HR: Well, we wrote a story. The trick with sequels is, you have to give people what they liked before, yet be innovative enough so they don’t feel like they’re seeing the same movie. I was a big fan of The Bourne Identity, and then I really liked The Bourne Supremacy, and now The Bourne Ultimatum is on TV—but if you strung them all together, they’re pretty much the same movie. [Laughs.] The Matrix… the first one was great, like a revelation. I loved it, everyone loved it, it kind of defined a whole new thing. Then the second one was like, “Uh, what?” And the third one: “Whaaa?” [Laughs.] You don’t want to do that. At the same time, we’re doing comedy, so it has to be funny. The comic edge of Ghostbusters will always be the same. It’s still treating the supernatural with a totally mundane sensibility. In the world of ghostbusting, there are certain givens. You’re always going to have some new invented technology, some pseudo-science that sounds right because we drop enough familiar terms from physics and engineering, and pseudo-methodology, something that people will think they may have read something about before. People may have actually thought there was a Zuul or a Gozer. You say “ancient Sumerian deity,” and that’s enough, people will think you read a book and you know something. The new Ghostbusters will still have all that. We will introduce new Ghostbusters, which will be the new real innovation. There will be personal stories that are different—their ambitions, why they’re involved, who they are, and some other surprises I won’t give away.
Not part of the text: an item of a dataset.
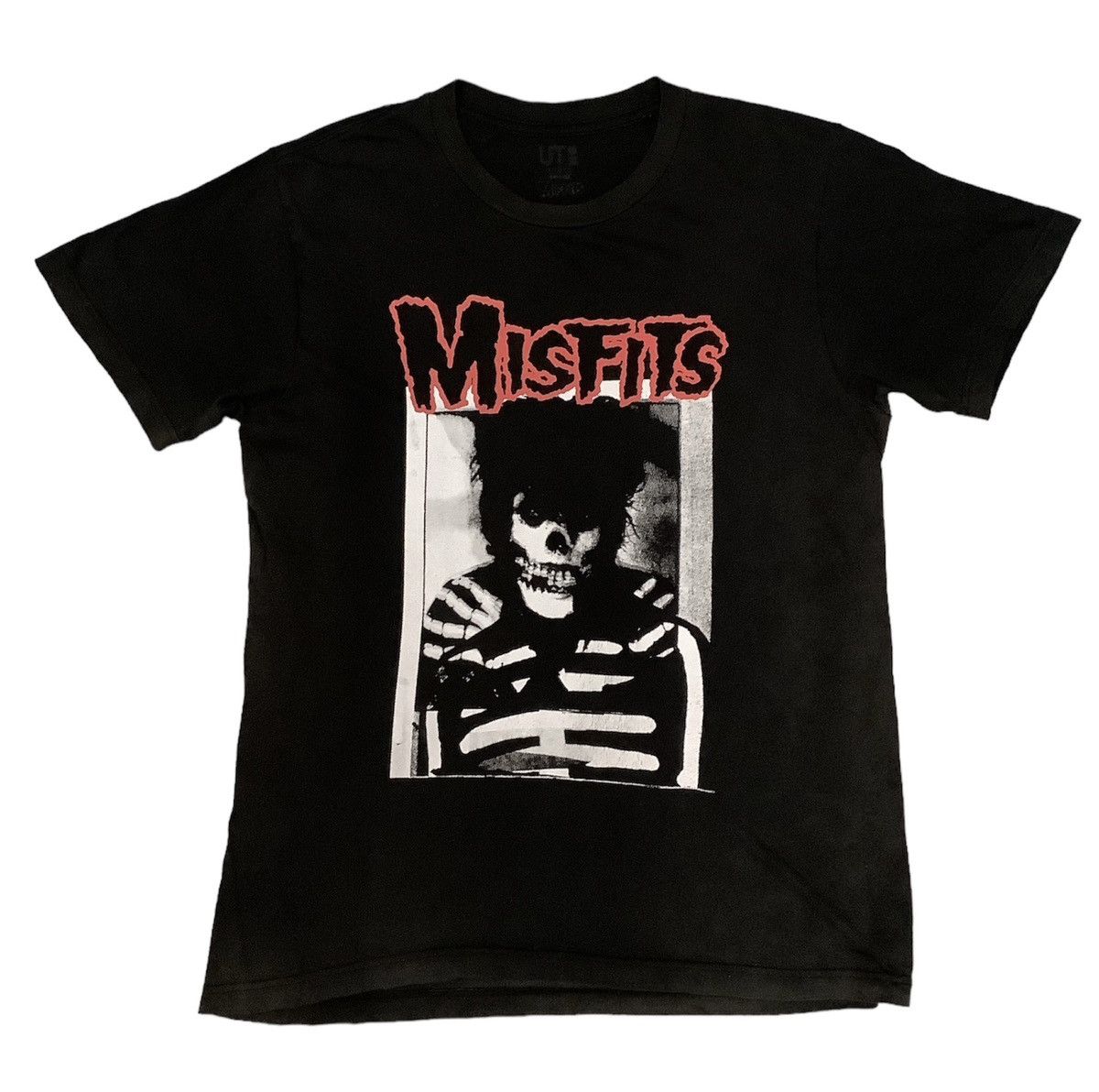 X Uniqlo Misfits Band Tee Hoodie, Sweatshirt | FlexRushtees.com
AVC: It’s been a few years since you’ve worked with Bill Murray. What do you think the experience will be like, working with him again on that film?

HR: I have no idea. We have no social relationship whatsoever, it’d be hard to predict. But you know, the encouraging thing is, he’s very elusive… I didn’t realize he’d pulled out of James Brooks’ new movie recently. They couldn’t nail it down, but I think he took them pretty far down the road before he disappeared, so now Jack Nicholson’s going to take the part. But he’s famous for that. He’s very elusive.
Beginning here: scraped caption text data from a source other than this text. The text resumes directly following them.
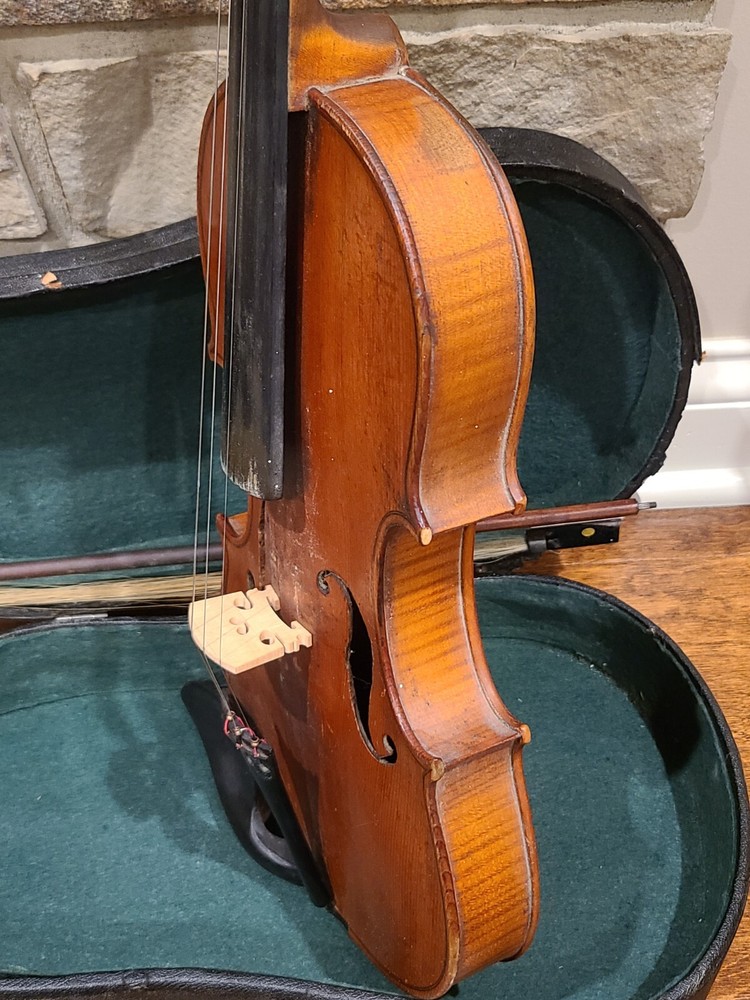 Nikolaus Amatus Violin With Case 1645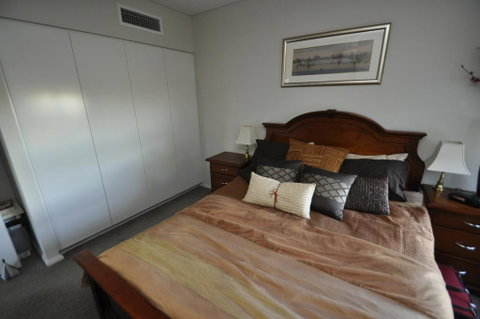 NORTH SYDNEY FULLY SELF CONTAINED MODERN 2 BED APARTMENT (16WAL) - Sunshine Coast Tourism 2
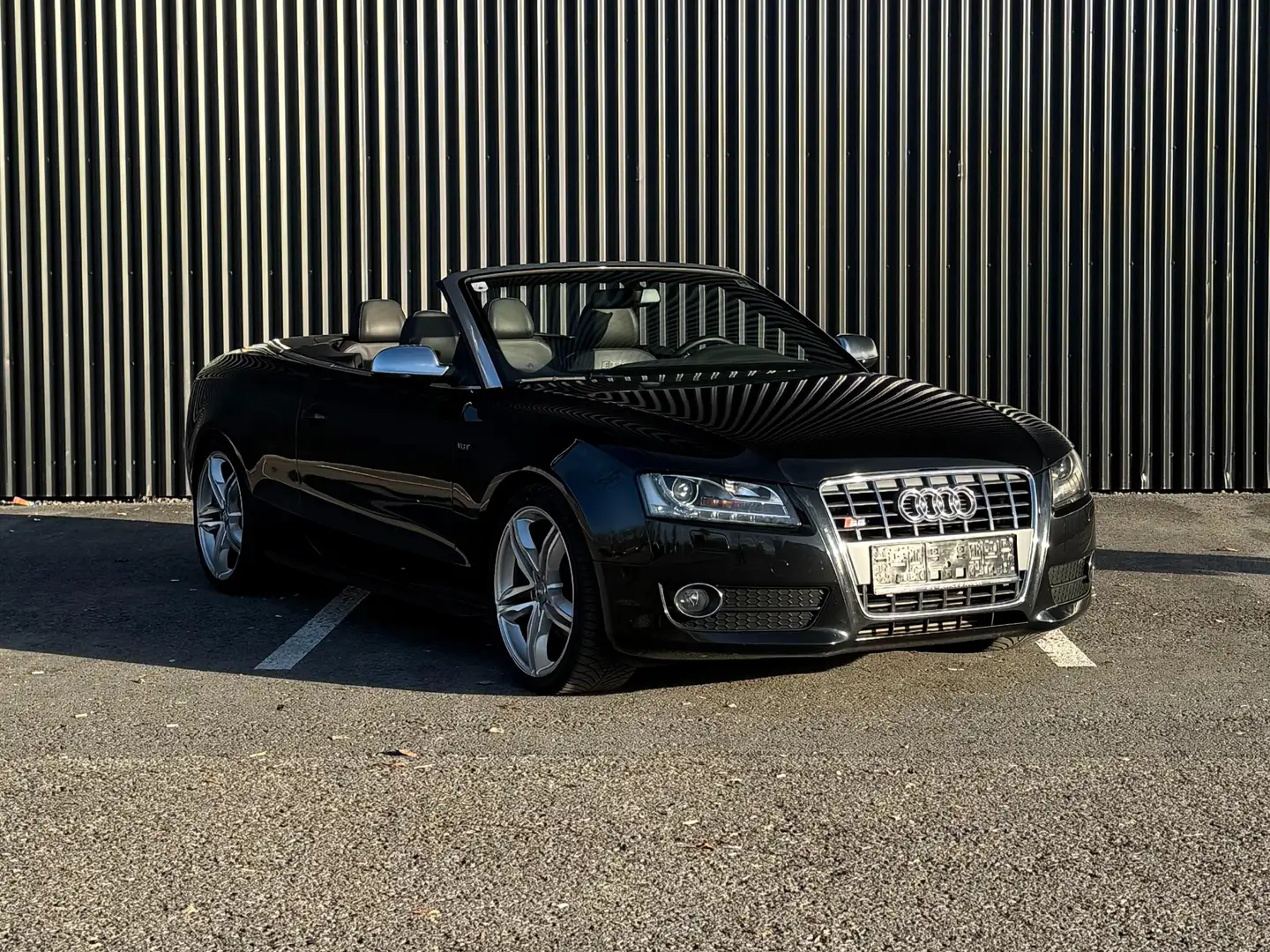 Audi A5 2,0 TFSI Schwarz - 1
I’m the only one who talks about [our relationship]. He won’t tell you… [Pauses.] He’s a very private person. He doesn’t do serious interviews. Once in a while, but he’s not self-revealing. The most self-revealing thing I ever saw was never in the press or publicity, it was in Lost In Translation or Rushmore. [Laughs.] Those movies kind of defined a side of him the public is not aware of. I think if you looked at his career, he got tired of being the crazy, life-of-the-party guy. That’s quite a load to carry, and he carried it a bunch of times so successfully, and he just didn’t want to do it anymore, and started exploring this more adult, serious side of himself. That’s fine, I’d admired and respected it, and like his work in those films. I just had so little social contact with him that I don’t have any perspective on anything he does, thinks, or feels, and he gives no clues.

AVC: Do people often try and use you as a conduit of info on Murray?

HR: No, they know I’m no conduit. I don’t look for him and he doesn’t look for me. There was a big New Yorker profile on me when I was doing The Ice Harvest, and I decided “Well, people are asking me all the time… what secret am I keeping here? Who am I protecting? I’ll just talk about it.”

AVC: In the profile, you describe a dream you had, where Murray was cast in The Ice Harvest, and you felt relieved about the whole project.

HR: I’ve had many dreams about him, that we’re friends again. There was a great reunion feeling in those dreams. Bill was a strong man. [John] Belushi had that before, too. He was a rock for us. You’d do a movie with Bill, a big comedy in those early days, just knowing he could save the day no matter how bad the script was, that we’d find something through improvisation. That was our alliance, kind of, our big bond. I could help him be the best funny Bill Murray he could be, and I think he appreciated that then. And I don’t know where that went, but it’s there on film. So whatever happens between us in the future, at least we have those expressions.